Records from a collection

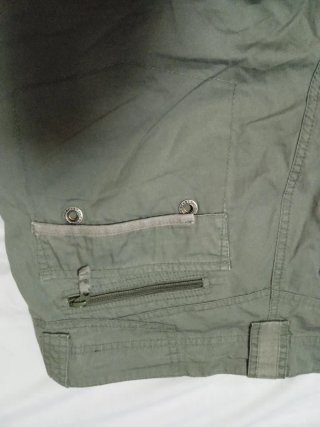 Talla 46.Pantalones Multibolsillos Verde Oscuro.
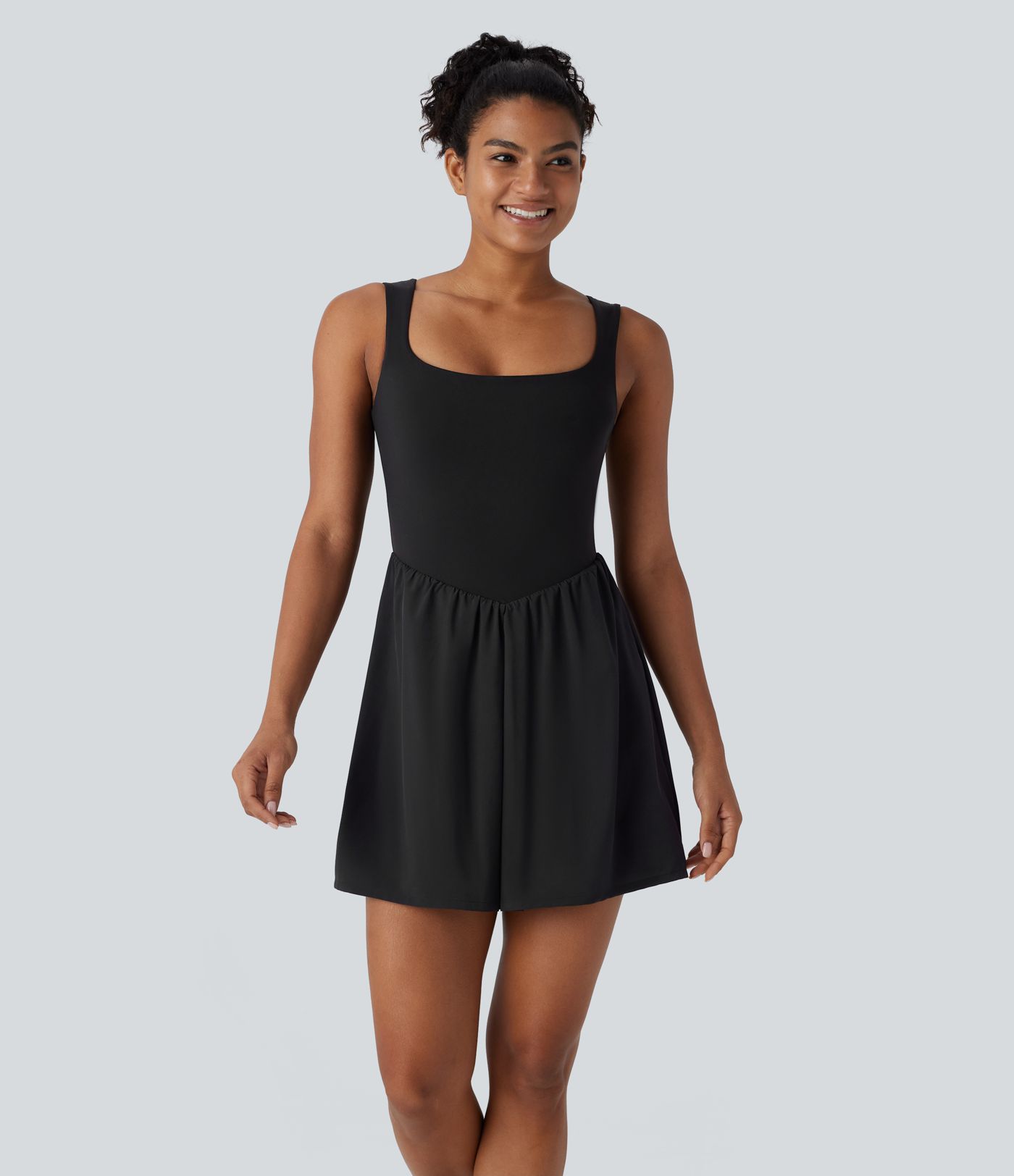 Robe de yoga courte 2-en-1 à col carré et dos nu avec poches latérales Breezeful™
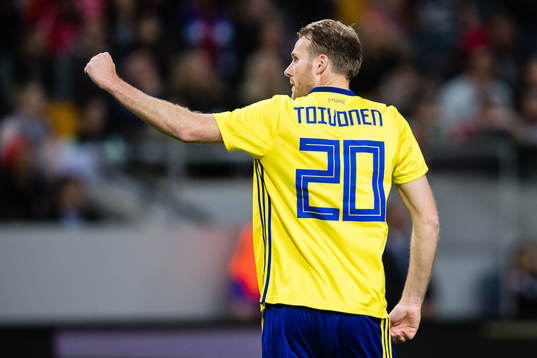 Sveriges Ola Toivonen knyter näven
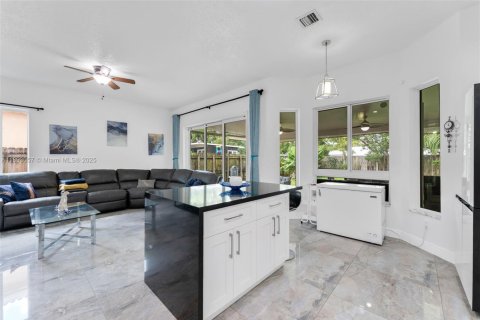 Casa en venta en Homestead, Florida, 3 dormitorios, 176.24 m2 № 1946718 - foto 5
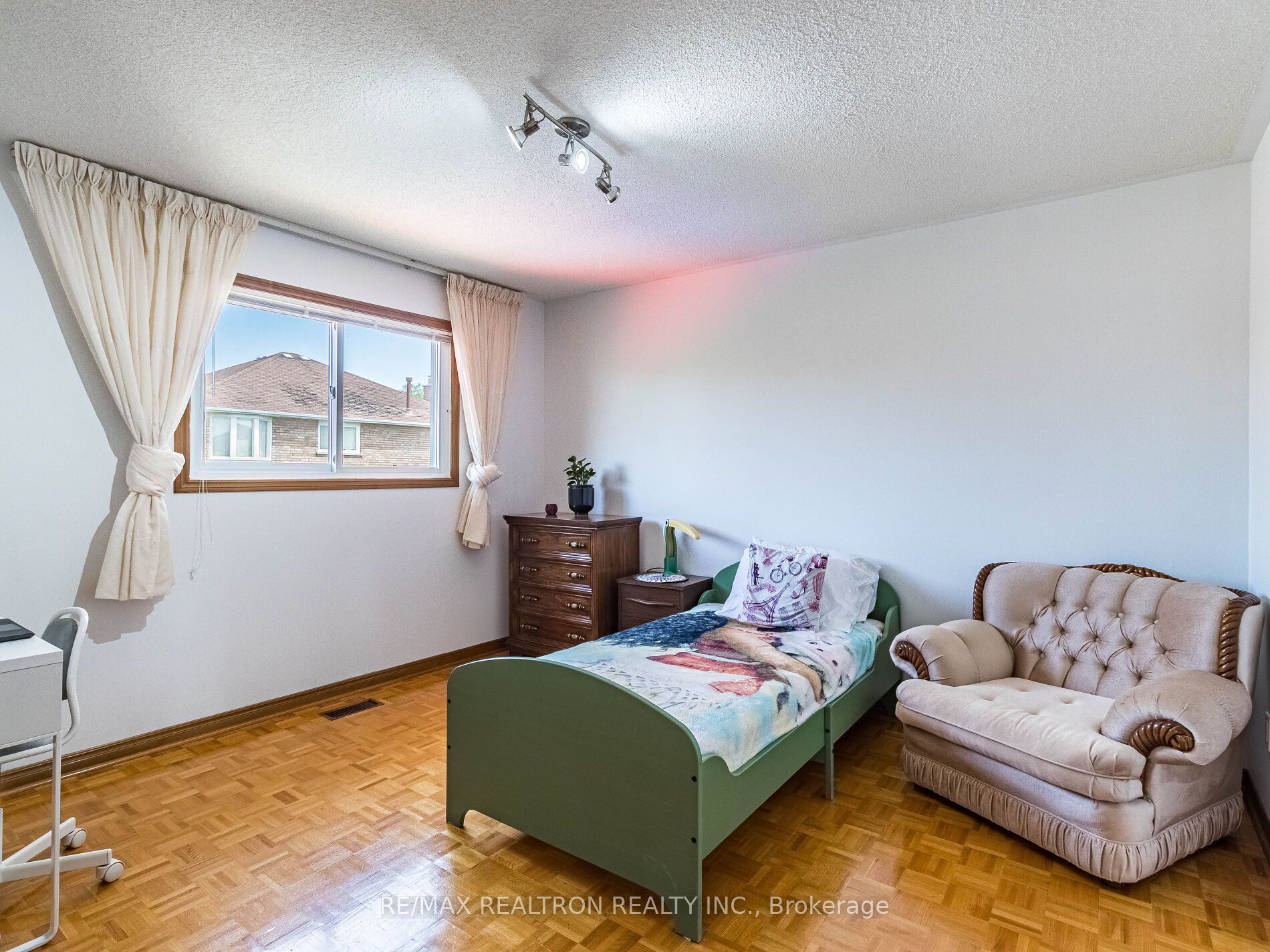 66 Nimbus Place Property Photo 19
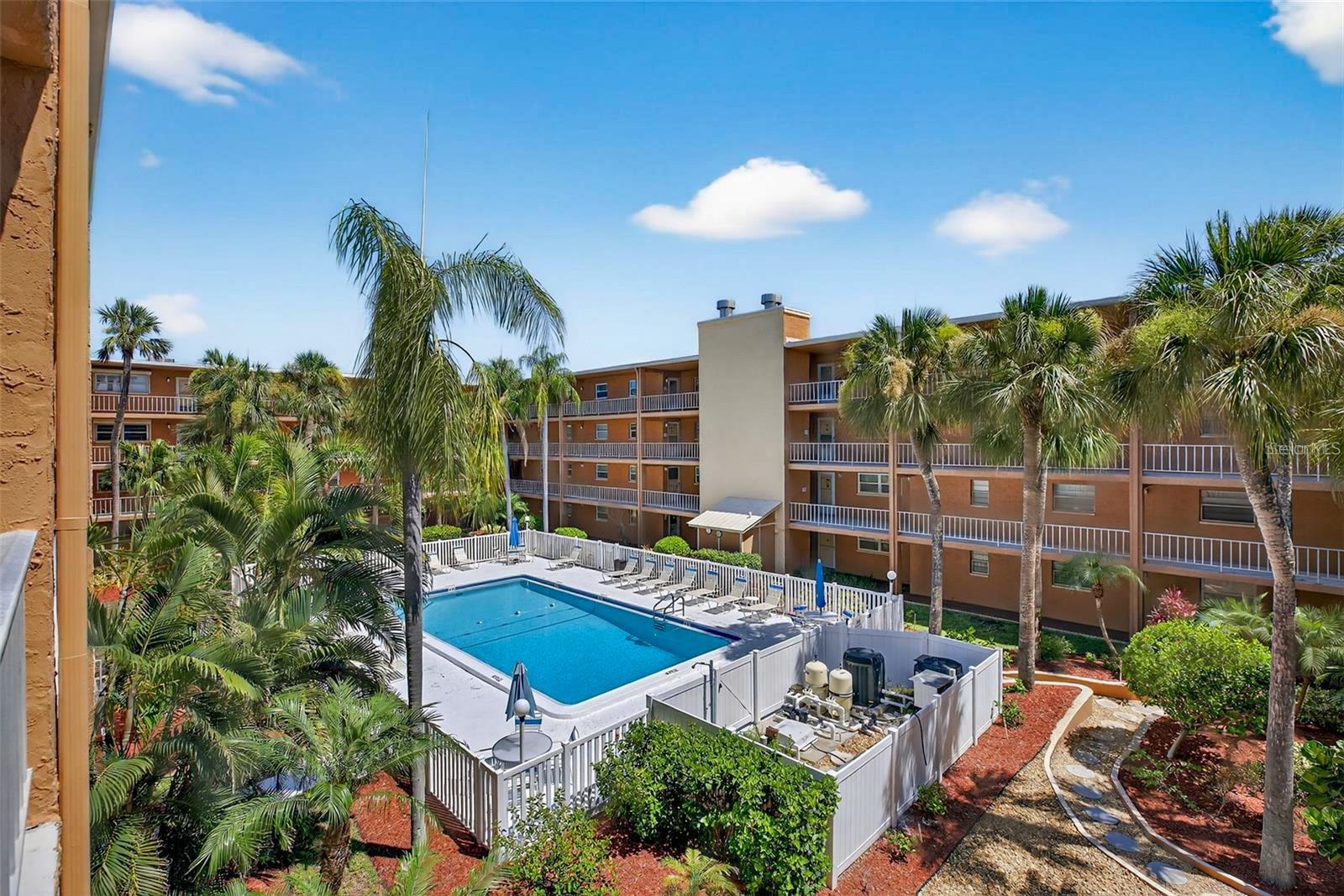 Image 4 of 100 For 12760 Indian Rocks Road 1110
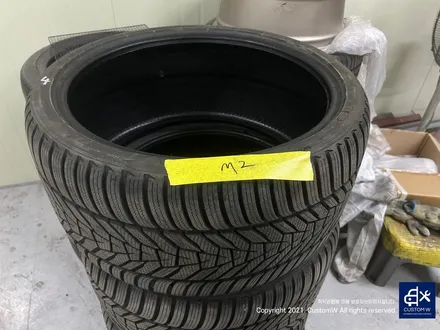 자주 입고되는 포켓 머신_! 2세대 신형  BMW G87 M2 930M 블랙 유광 휠도색 / 하이그로시 블랙 / 용인 처인구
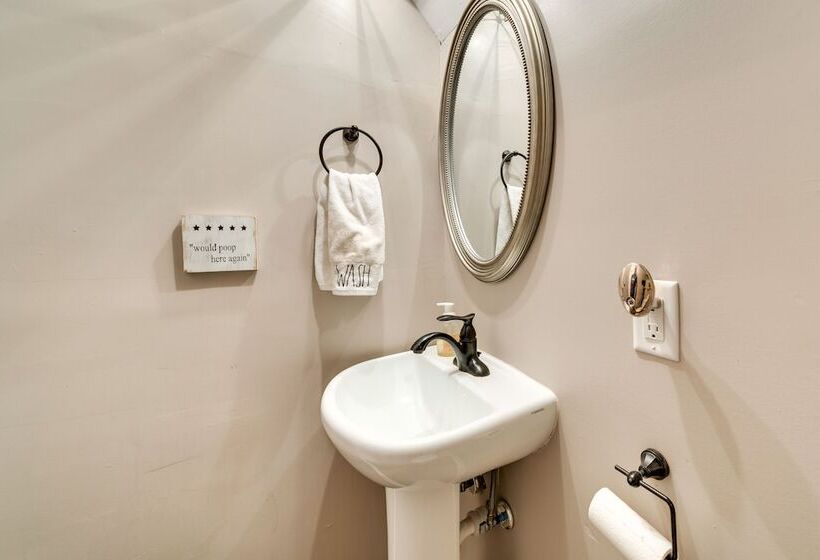 Pet Friendly Home 6 Mi To Downtown Milwaukee!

_Your task_
Return the lines above exactly; the images are not part of the copy.

_Problem solution_
 Talla 46.Pantalones Multibolsillos Verde Oscuro.
 Robe de yoga courte 2-en-1 à col carré et dos nu avec poches latérales Breezeful™
 Sveriges Ola Toivonen knyter näven
 Casa en venta en Homestead, Florida, 3 dormitorios, 176.24 m2 № 1946718 - foto 5
 66 Nimbus Place Property Photo 19
 Image 4 of 100 For 12760 Indian Rocks Road 1110
 자주 입고되는 포켓 머신_! 2세대 신형  BMW G87 M2 930M 블랙 유광 휠도색 / 하이그로시 블랙 / 용인 처인구
 Pet Friendly Home 6 Mi To Downtown Milwaukee!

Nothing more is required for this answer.